Wednesday, November 4, 2009

Miscellany on a tired day

Why do the people of a state vote about whether two people can get married? This is one of those ponderous questions that keep me up at night. It's not like anyone is talking about group marriage, although, frankly, in this day of disintegrating extended families, I can see a place even for a group of people commiting to share living quarters, financial resources, and time. The only reason that there are referenda on the marriage question is that the two people involved are of the same gender. So? I often feel that I would like to have a wife, not because my intimate preferences lean that way, but because in my current living situation, I cannot seem to juggle all the hats that have been thrown my way, and it would be nice to have someone I know, care about, and can rely on, to be at home keeping house and handling some of the child care responsibilities. Of course, given my current living situation, we are edging closer to that group marriage thing. Ah, if only I could afford an au pair.

Domestic partnership in the public sector! Leave marriage as a religious sacrament, subject to religious canons. If a same-sex couple wants to commit, let them. They are not asking everyone into their bedroom. If they want to be married, they should join a religious community that accepts same-sex marriage. If two people want to dissolve their partnership, homosexual or heterosexual, they should get a divorce. There! Problem solved! Now, let's move on.....

Chris Christie was elected governor. I don't much care for Jon Corzine, but I dread having Crispie at the helm. I just hope the legislature has the will to keep him in check. I really don't want to have to start wearing a burka, literally or figuratively.


The priest who celebrated at church this week used the phrase "God of our fathers (stop)", as if our mothers didn't (and still don't) count. I was criticized for pointing this out, for being too sensitive, but it's easy for men to call women overly sensitive about being ignored. I expect non-whites have the same or similar feelings.

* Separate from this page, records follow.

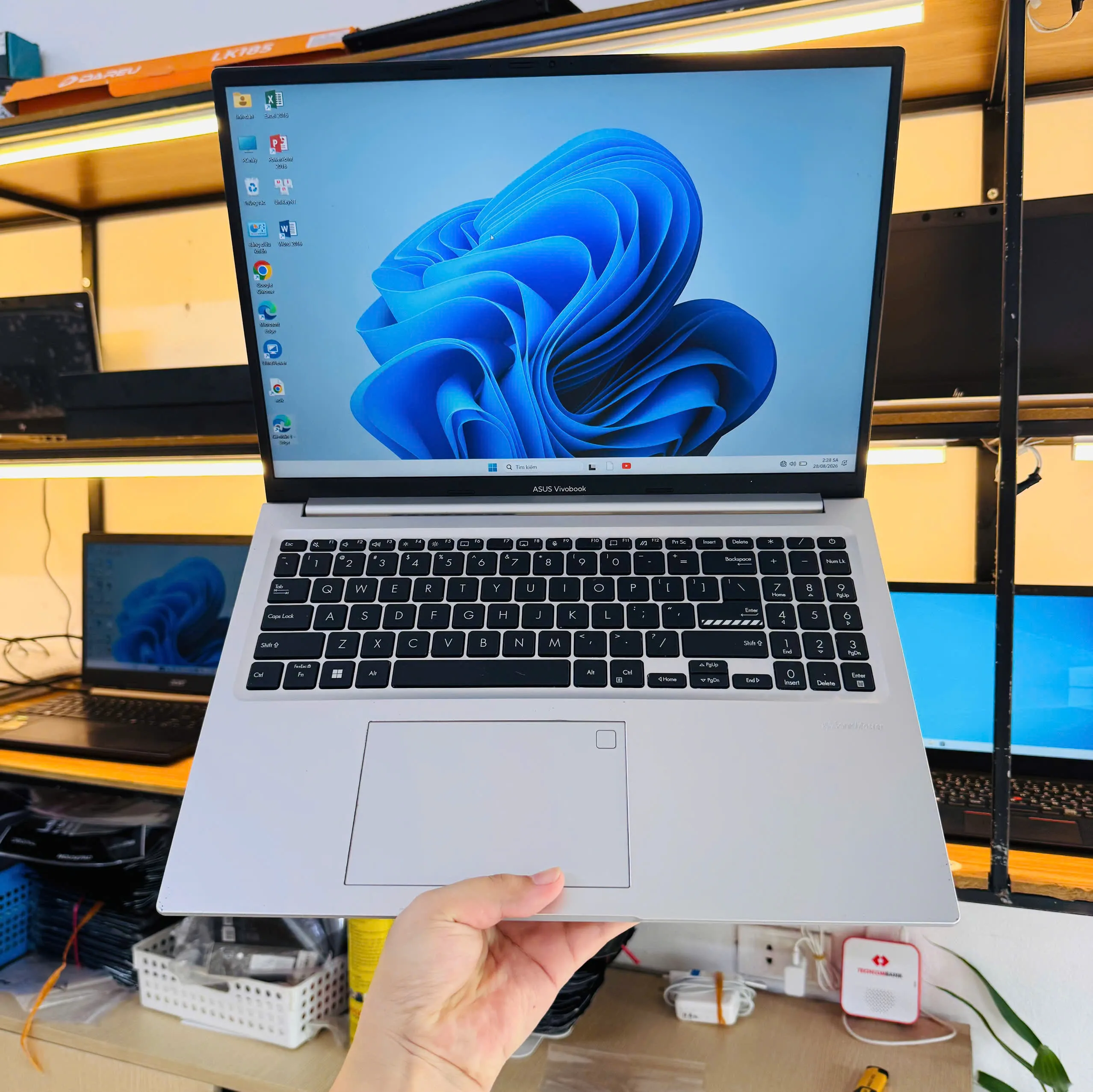 Asus X1605VA core i5-1335U ram 8gb ssd 256gb/Màn hình 15.6"
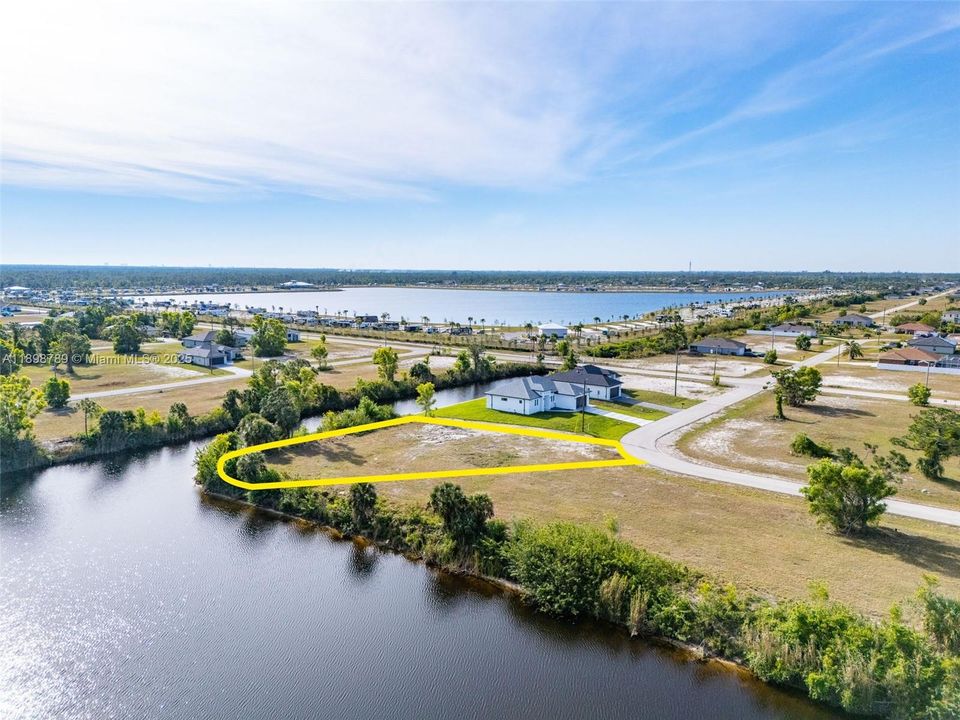 待售: $69,970 (0.43 acres)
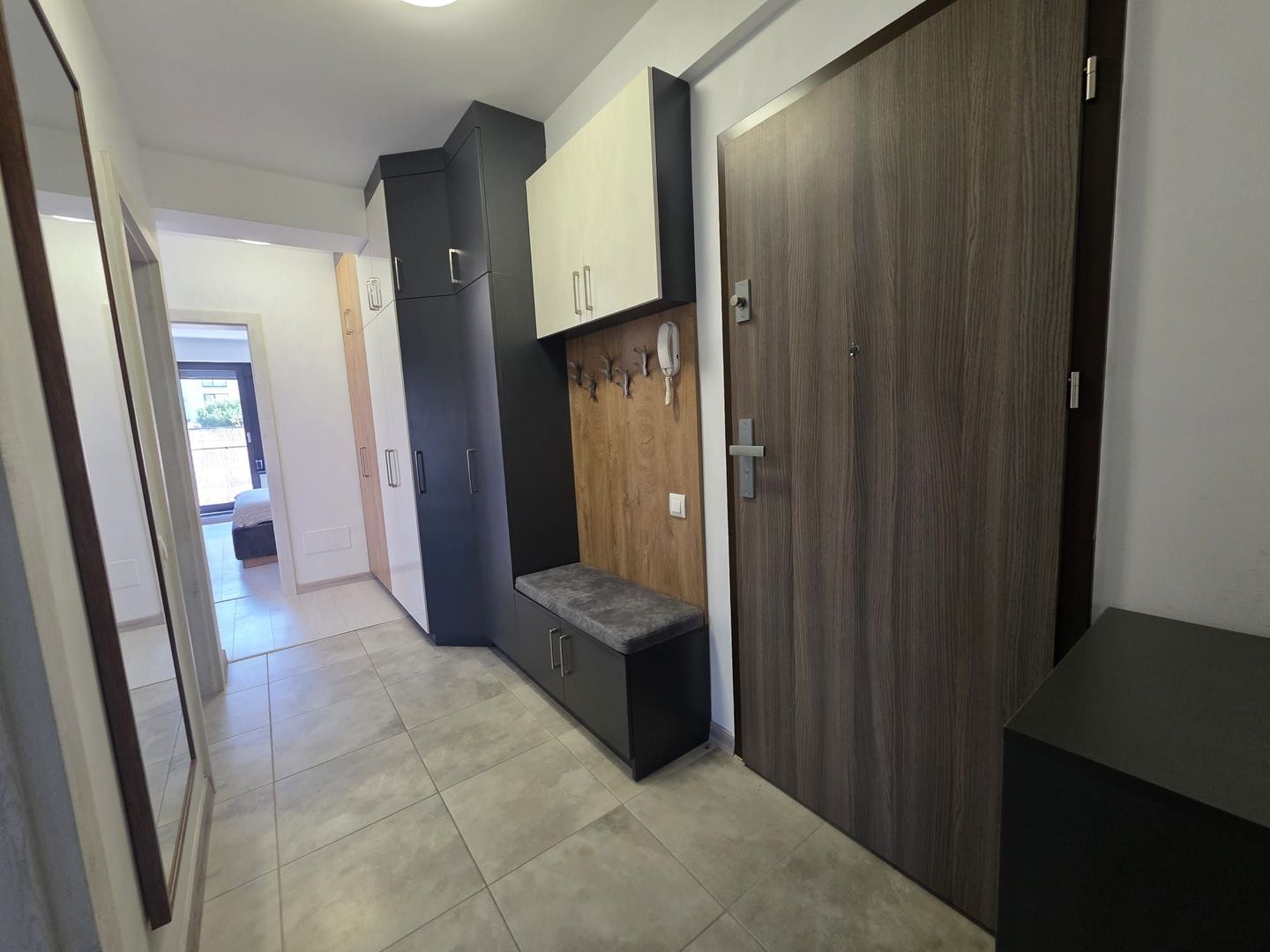 Apartament 3 camere parter si curte 45m  de inchirat Rond OMV Pipera - Poză 6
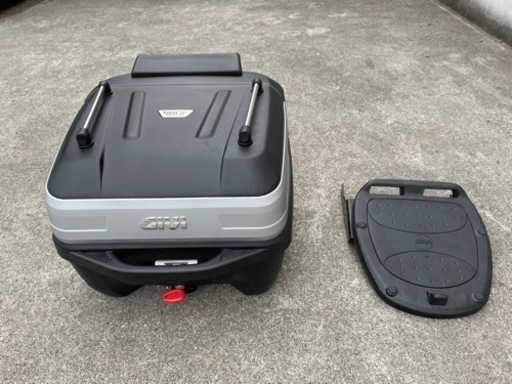 GIVI (ジビ) バイク用 リアボックス 32L 未塗装ブラック B32ND-ADV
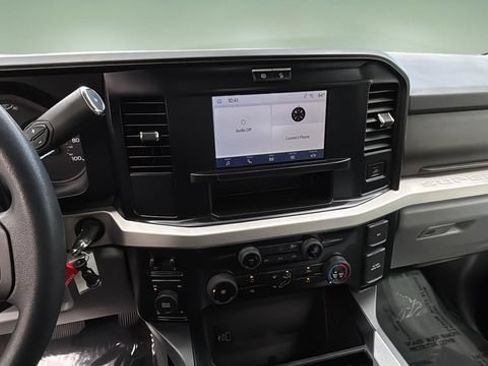 Used 2025 Ford F250 XLT w/ FX4 Off-Road Package AWD/4WD image 25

A student of theology once commented that goddess-worship, or, as I prefer, acknowledging the divine within the feminine, was a step backward. I disagree, plain and simple. To me, if I believe that the Holy Spirit is in all the people, and that all Christians are called to ministry, then it is completely inappropriate to engender God as solely male.

In an interesting juxtaposition, I watched "Sicko" last night on TV. MM has a tendency to kill the horse, and then stand over it and beat on it vigorously, but under the overblown rhetoric, he is generally making a valid point. Why does this country not have public health care? We have Social Security, so why not a national health service? I just don't get it, and I never have. No one has ever come close to convincing me that medicine is better handled in the private sector. If everyone with a job paid as much for a national health service as an average health care premium deduction, it could work. One of the biggest failings of the Social Security Administration is that only the working poor and middle class pay for virtually the whole thing. The salary cap should be abolished with people making hundreds of thousands of dollars (even millions) paying a percentage on their whole salary. Major windfall for the system. Likewise, a national health service should have no salary cap. I'm tired of wildly overpaid executives, politicians, attorneys, celebrities griping about their taxes.

It's getting late, and I'm feeling discouraged. Down with Republicans! Down with Democrats! Government of the people, by the people, FOR the people!